Thanks for quick repling, Gang and I are thinking about how to notice
user to recover this problem, and later I will post patch v2.

thanks
Jun

On 2018/1/27 13:17, Changwei Ge wrote:
> Hi Jun,
> 
> On 2018/1/27 11:52, piaojun wrote:
>> Hi Jan and Changwei,
>>
>> I will describle the scenario again as below:
>>
>> 1. The bhs of truncate log and extent rec are submitted to jbd2 area
>>     successfully.
>> 2. Then write-back thread of device help flush the bhs to disk but
>>     encounter write error due to abnormal storage link.
> 
> Now, your problem description makes sense.
> It seems you have withdrawn your last version of patch from -mm tree.

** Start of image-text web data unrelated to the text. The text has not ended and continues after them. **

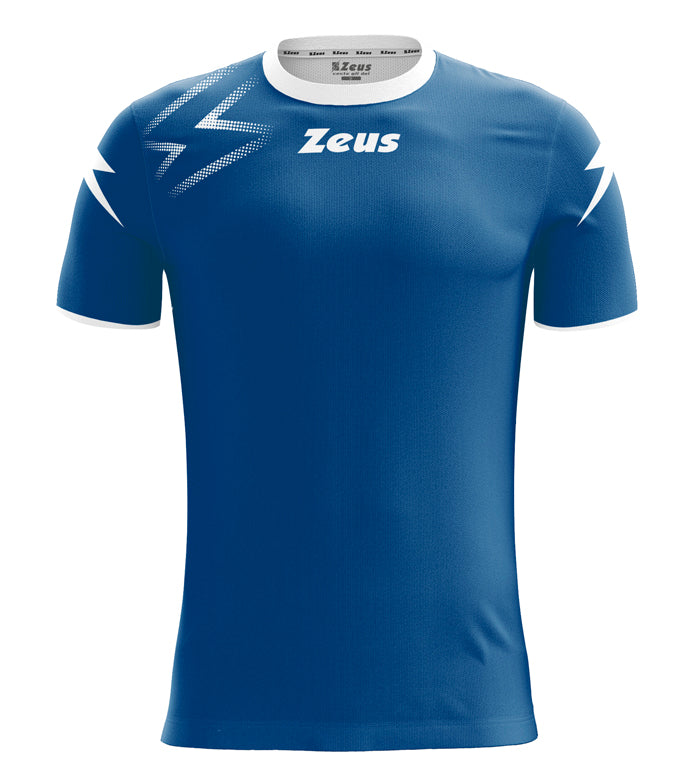 Shirt Mida – Maglia da Calcio Slim Fit in Poliestere con Retro in Mesh
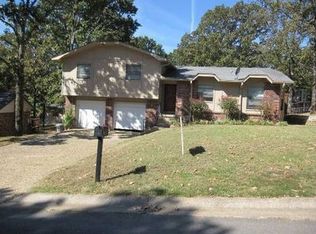 6509 Rolling Hills Dr, N Little Rock, AR 72118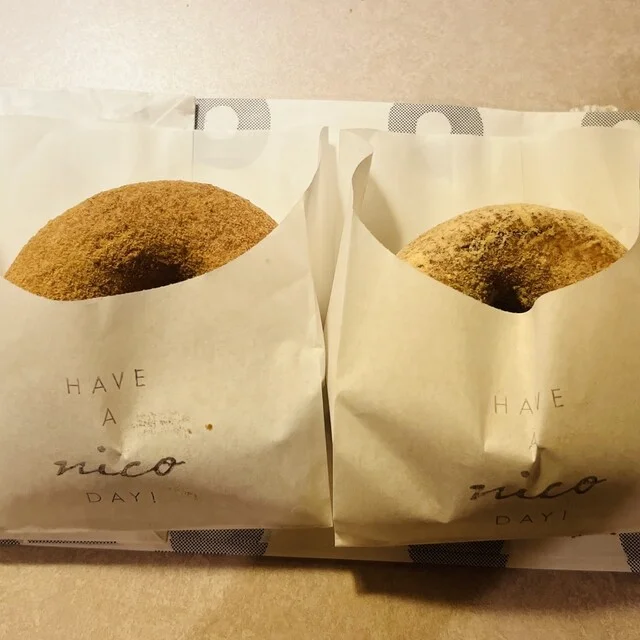 nicoドーナツ 天童店（ニコドーナツ） - 天童南（ドーナツ）の写真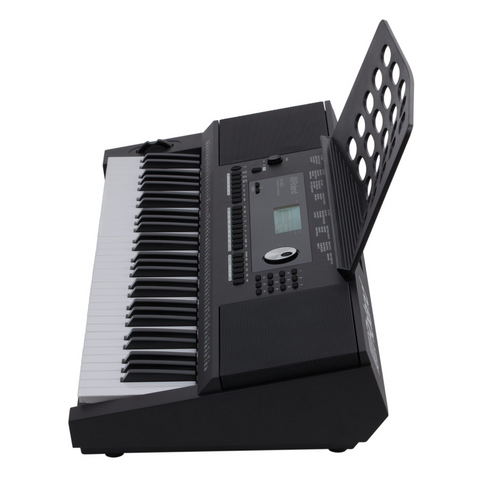 Roland E-X20 Portable 61 Key Arranger Keyboard - Black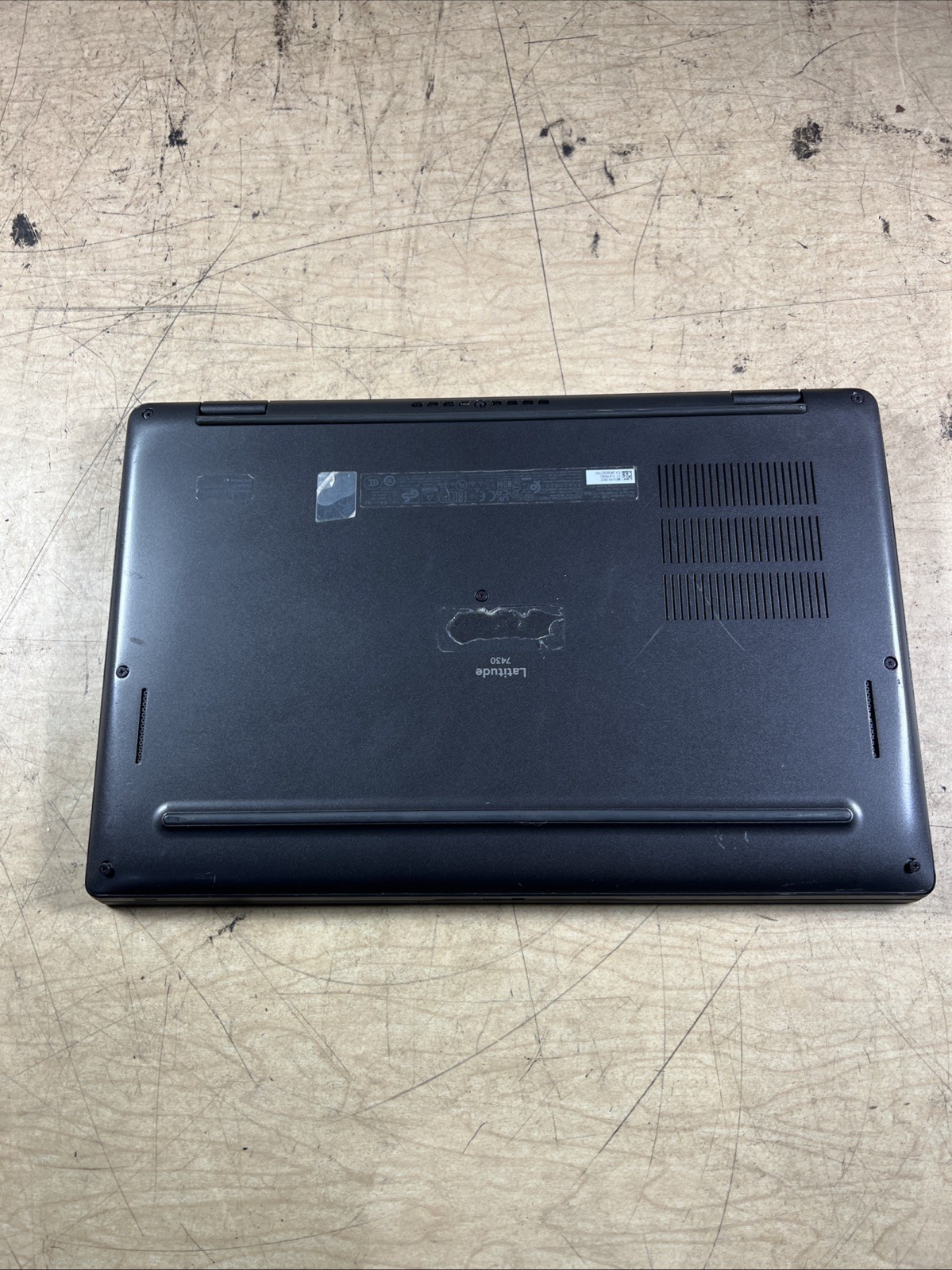 DELL LATITUDE 7430 INTEL CORE I5-1250P 16GB RAM **NO HD/ NO CADDIE/ NO OS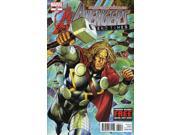 Avengers Vol. 4 34 VF NM ; Marvel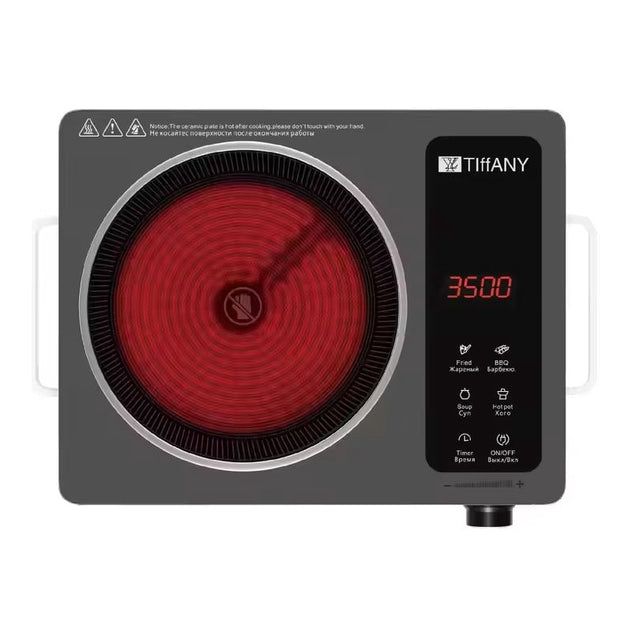 TIFFANY CERAMIC STOVE TF-5000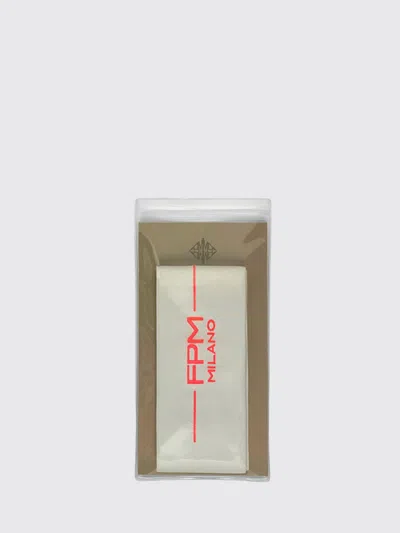 Fpm Milano Travel Bag  Men Color Fuchsia In Pink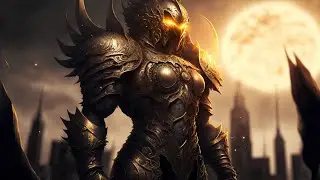 Armored Wrath Warrior Epic Music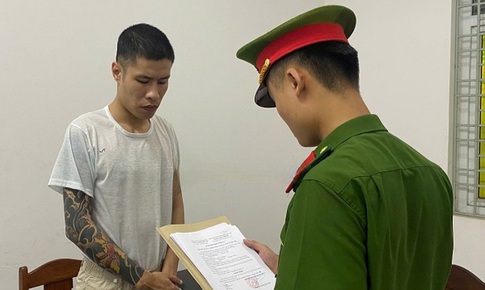 Đà Nẵng: Bảo vệ có 3 tiền án 'rút ruột' tài sản của công ty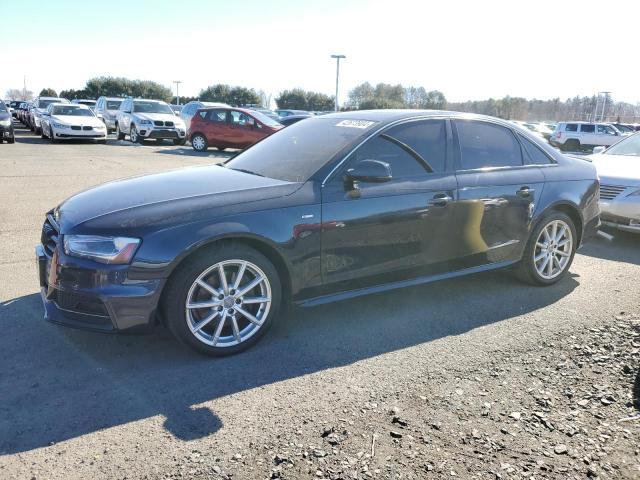 2014 Audi A4 Premium Plus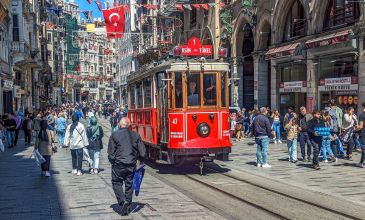 Uçaklı İstanbul Turu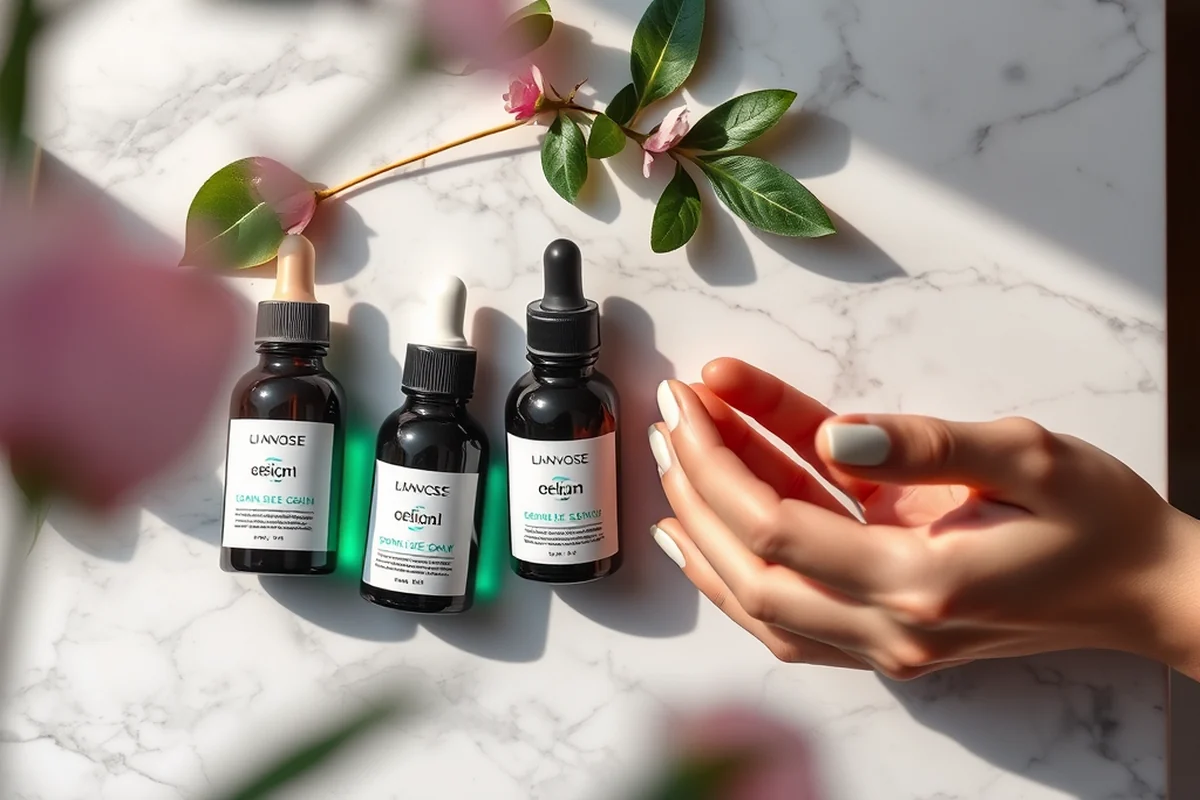 top vegan skincare oil — Top Vegan Skincare Oil (the finished result)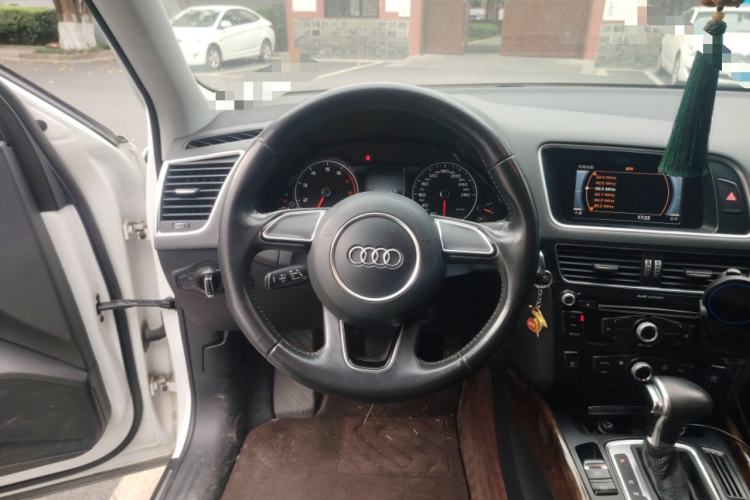 Used Audi Q5 2016 40 TFSI Trendy Edition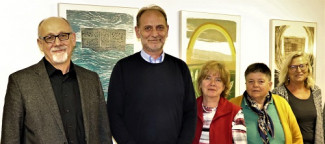 Holger Szesnat (links)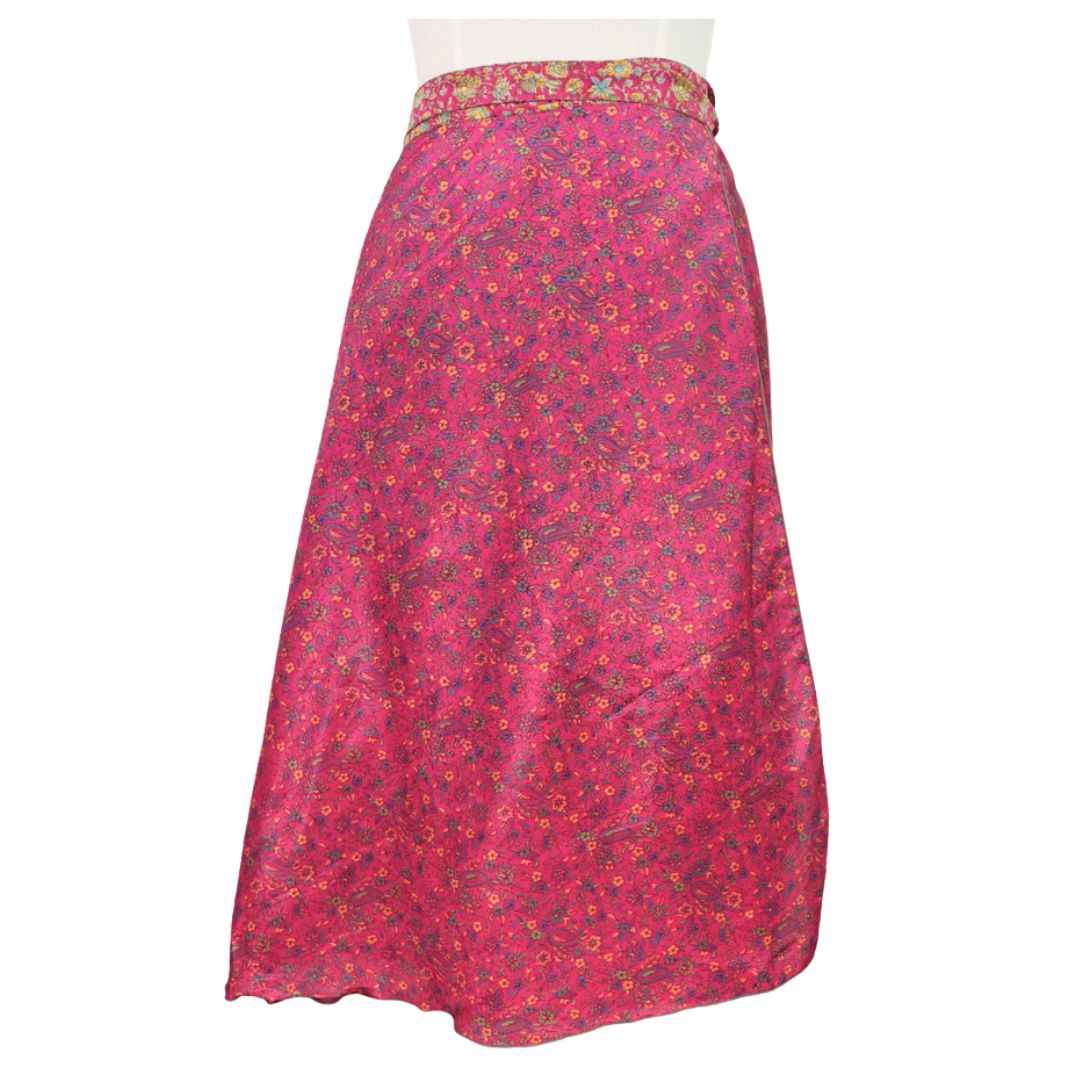 PM501 - Midi Skirt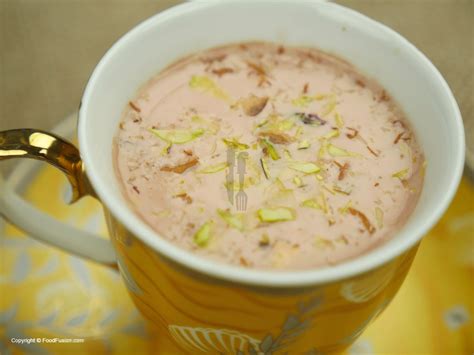 Kashmiri Chai (Pink Tea) Recipe – Food Fusion
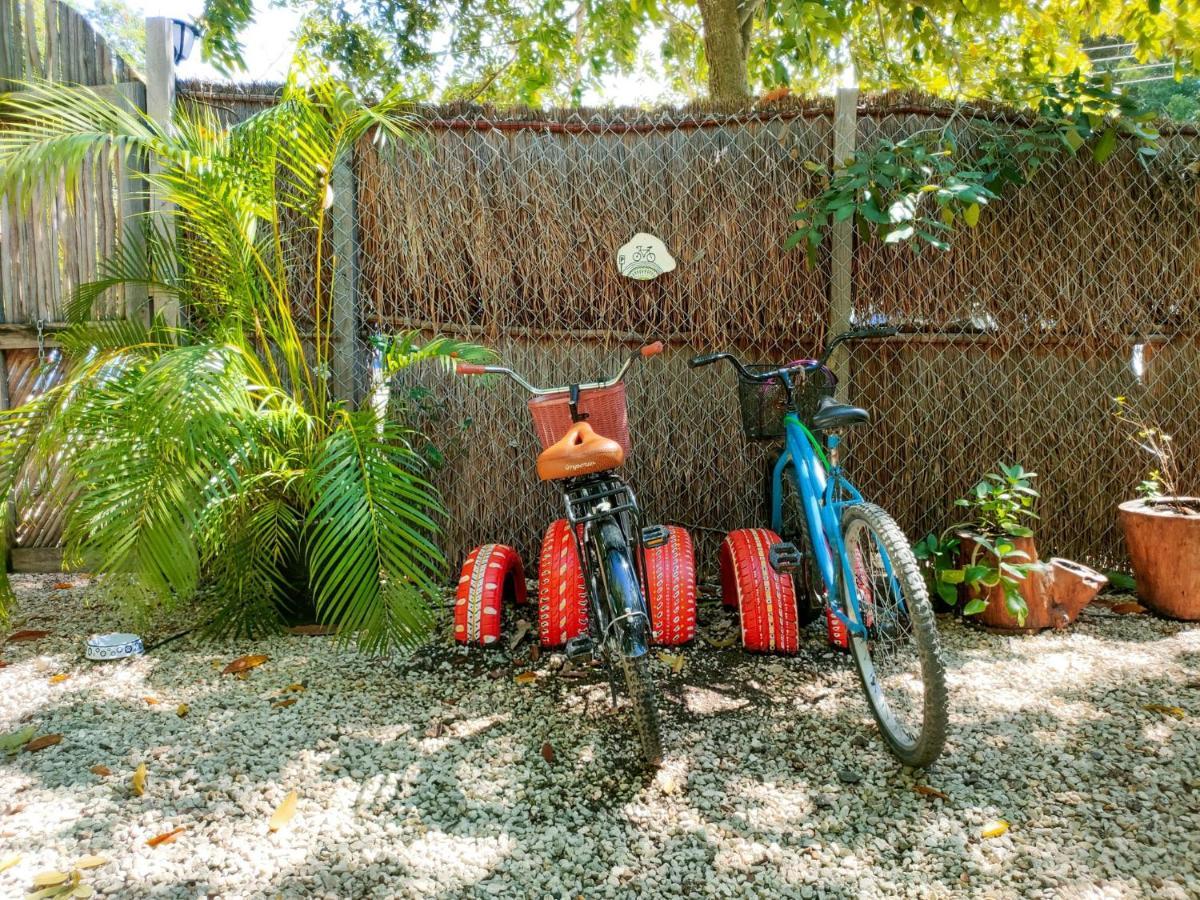 Casa Arte Bacalar Exterior foto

> I will look at your next version.
> 
> Thanks,
> Changwei
> 
>> 3. After a while the storage link become normal. Truncate log flush
>>     worker triggered by the next space reclaiming found the dirty bh of
>>     truncate log and clear its 'BH_Write_EIO' and then set it uptodate
>>     in __ocfs2_journal_access().
>> 4. Then jbd2 will flush the bh of truncate log to disk, but the bh of
>>     extent rec is still in error state, and unfortunately nobody will
>>     take care of it.
>> 5. At last the space of extent rec was not reduced, but truncate log
>>     flush worker have given it back to globalalloc. That will cause
>>     duplicate cluster problem which could be identified by fsck.ocfs2.
>>
>> I suggest ocfs2 should handle this problem.
>>
>> thanks,
>> Jun
>>
>> On 2018/1/26 10:03, Changwei Ge wrote:
>>> On 2018/1/26 9:45, piaojun wrote:
>>>> Hi Changwei,
>>>>
>>>> On 2018/1/26 9:00, Changwei Ge wrote:
>>>>> Hi Jun,
>>>>> Good morning:-)
>>>>>
>>>>> On 2018/1/25 20:45, piaojun wrote:
>>>>>> Hi Changwei,
>>>>>>
>>>>>> On 2018/1/25 20:30, Changwei Ge wrote:
>>>>>>> Hi Jun,
>>>>>>>
>>>>>>> On 2018/1/25 20:18, piaojun wrote:
>>>>>>>> Hi Changwei,
>>>>>>>>
>>>>>>>> On 2018/1/25 19:59, Changwei Ge wrote:
>>>>>>>>> Hi Jun,
>>>>>>>>>
>>>>>>>>> On 2018/1/25 10:41, piaojun wrote:
>>>>>>>>>> We should not reuse the dirty bh in jbd2 directly due to the following
>>>>>>>>>> situation:
>>>>>>>>>>
>>>>>>>>>> 1. When removing extent rec, we will dirty the bhs of extent rec and
>>>>>>>>> Quick questions:
>>>>>>>>> Do you mean current code puts modifying extent records belonging to a certain file and modifying truncate log into the same transaction?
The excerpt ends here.